To do -
From the material below, reproduce exactly the stretch of lines that begins with the line holding "Hirsche im Wald, Oregon Puzzle (Horizontal)" and ends with the line holding "微量元素測試儀廠家解析缺鋅引起的病症 微量元素測試儀廠家解析缺鋅引起的病症", skipping the pictures.

Source data -
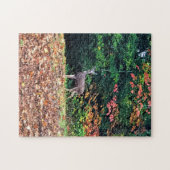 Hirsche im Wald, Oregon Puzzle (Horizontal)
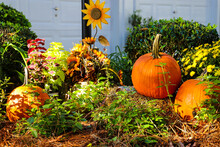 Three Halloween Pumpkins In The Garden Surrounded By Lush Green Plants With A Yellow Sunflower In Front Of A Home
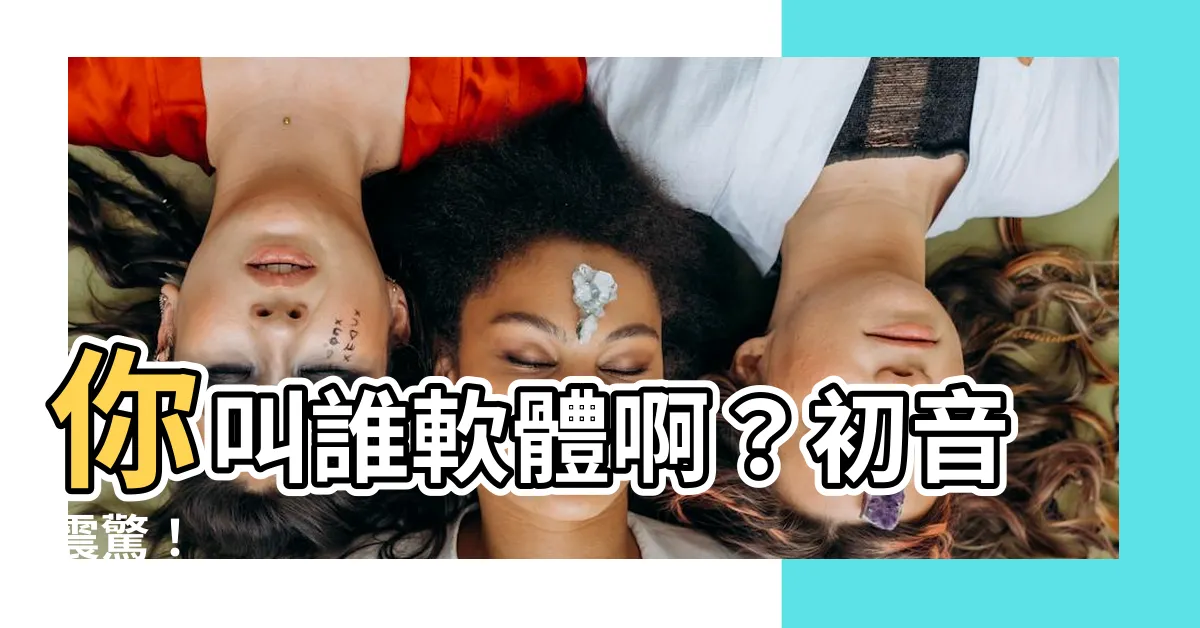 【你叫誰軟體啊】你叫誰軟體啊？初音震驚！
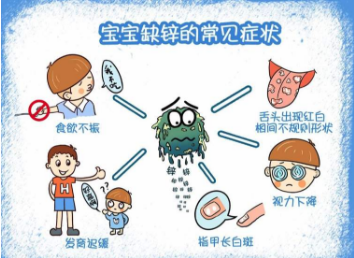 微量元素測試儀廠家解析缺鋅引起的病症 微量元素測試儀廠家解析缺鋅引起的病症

==

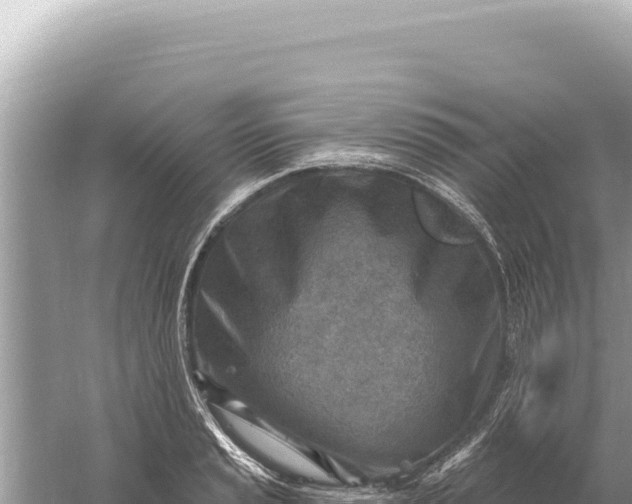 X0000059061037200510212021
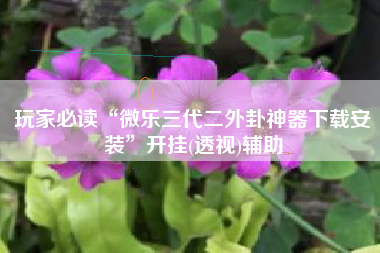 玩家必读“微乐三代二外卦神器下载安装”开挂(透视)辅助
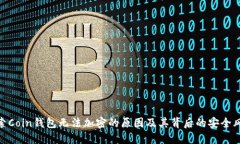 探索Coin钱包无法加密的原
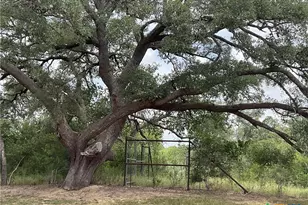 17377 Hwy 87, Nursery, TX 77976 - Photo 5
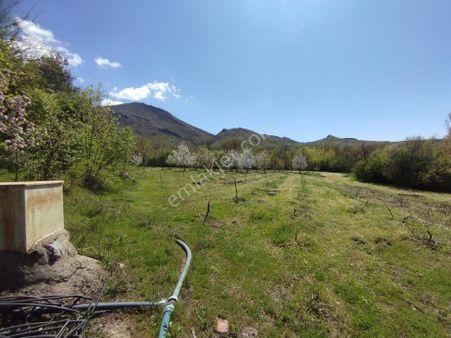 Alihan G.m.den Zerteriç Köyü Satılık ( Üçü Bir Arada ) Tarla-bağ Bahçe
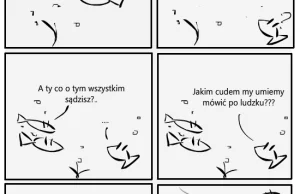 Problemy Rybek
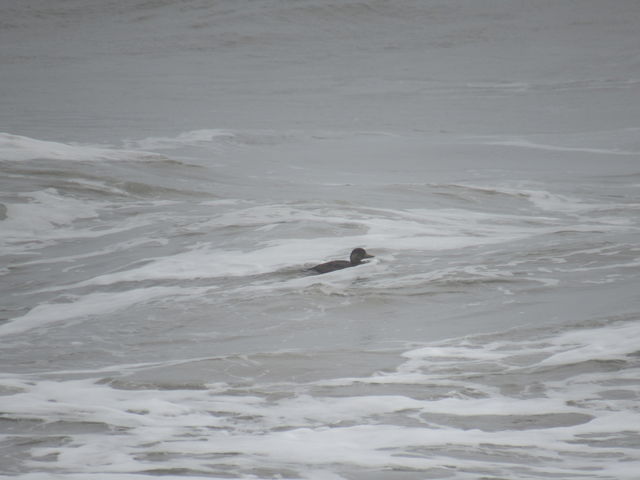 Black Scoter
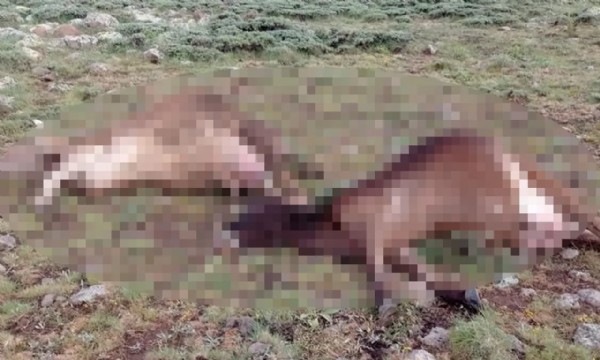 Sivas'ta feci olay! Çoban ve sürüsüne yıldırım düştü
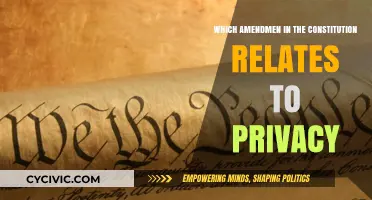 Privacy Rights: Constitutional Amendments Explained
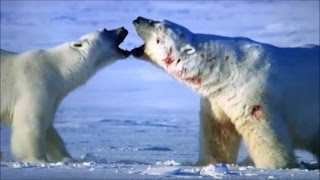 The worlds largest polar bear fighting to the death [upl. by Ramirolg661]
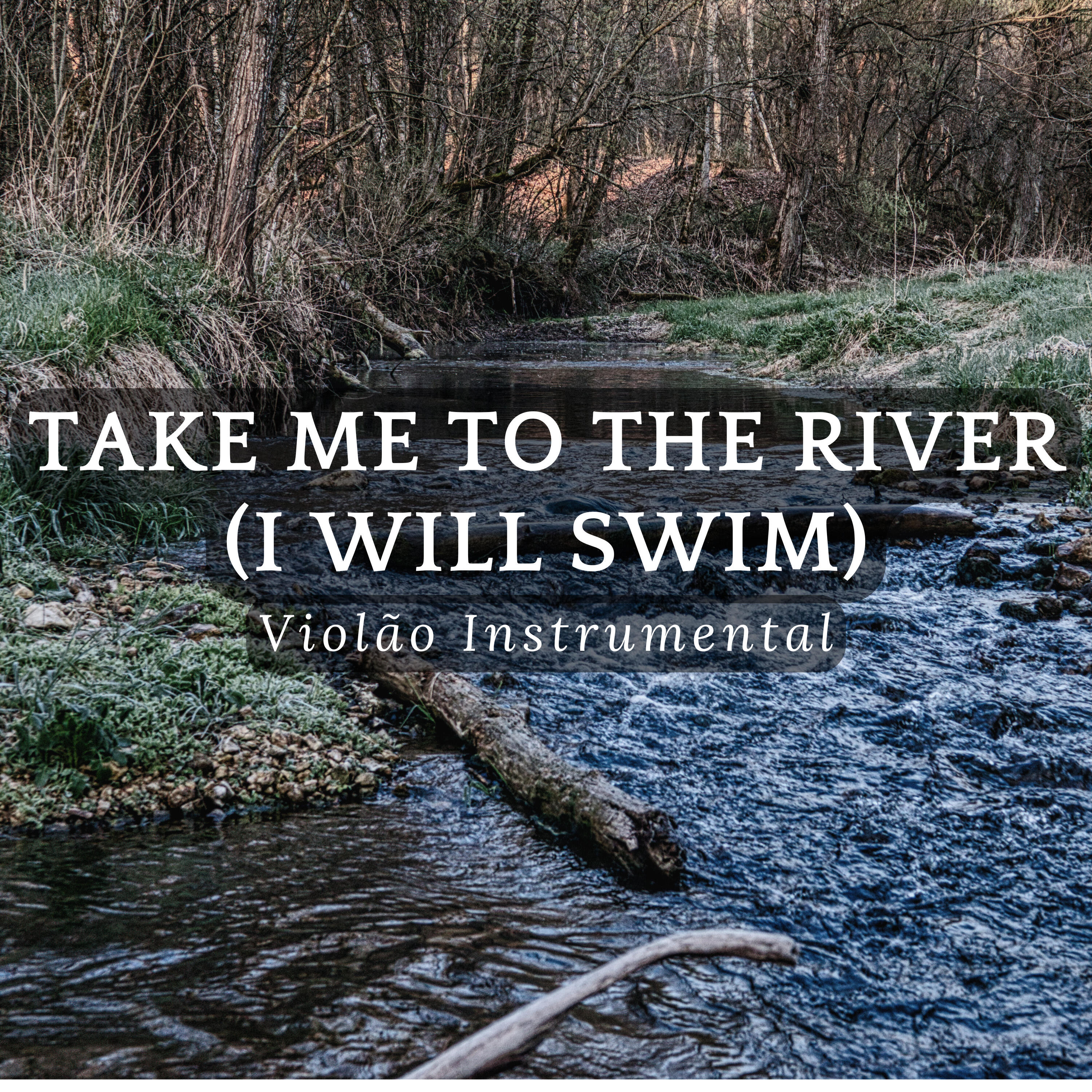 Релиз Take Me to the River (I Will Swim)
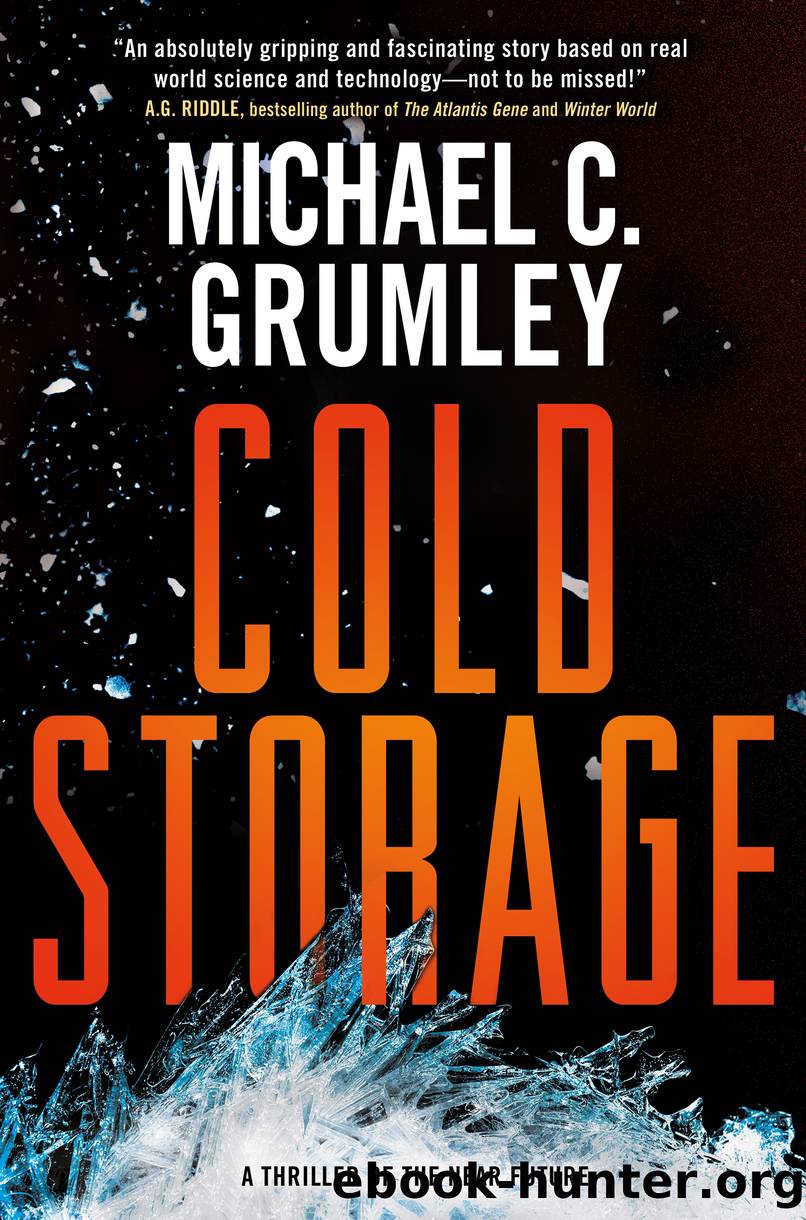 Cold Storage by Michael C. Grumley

==

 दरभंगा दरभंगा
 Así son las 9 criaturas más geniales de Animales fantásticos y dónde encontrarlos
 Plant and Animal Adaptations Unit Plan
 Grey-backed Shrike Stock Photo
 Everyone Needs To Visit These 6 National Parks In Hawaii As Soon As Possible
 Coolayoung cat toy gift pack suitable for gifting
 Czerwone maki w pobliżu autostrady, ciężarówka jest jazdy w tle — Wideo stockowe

Output of the exercise -
 Hirsche im Wald, Oregon Puzzle (Horizontal)
 Three Halloween Pumpkins In The Garden Surrounded By Lush Green Plants With A Yellow Sunflower In Front Of A Home
 【你叫誰軟體啊】你叫誰軟體啊？初音震驚！
 微量元素測試儀廠家解析缺鋅引起的病症 微量元素測試儀廠家解析缺鋅引起的病症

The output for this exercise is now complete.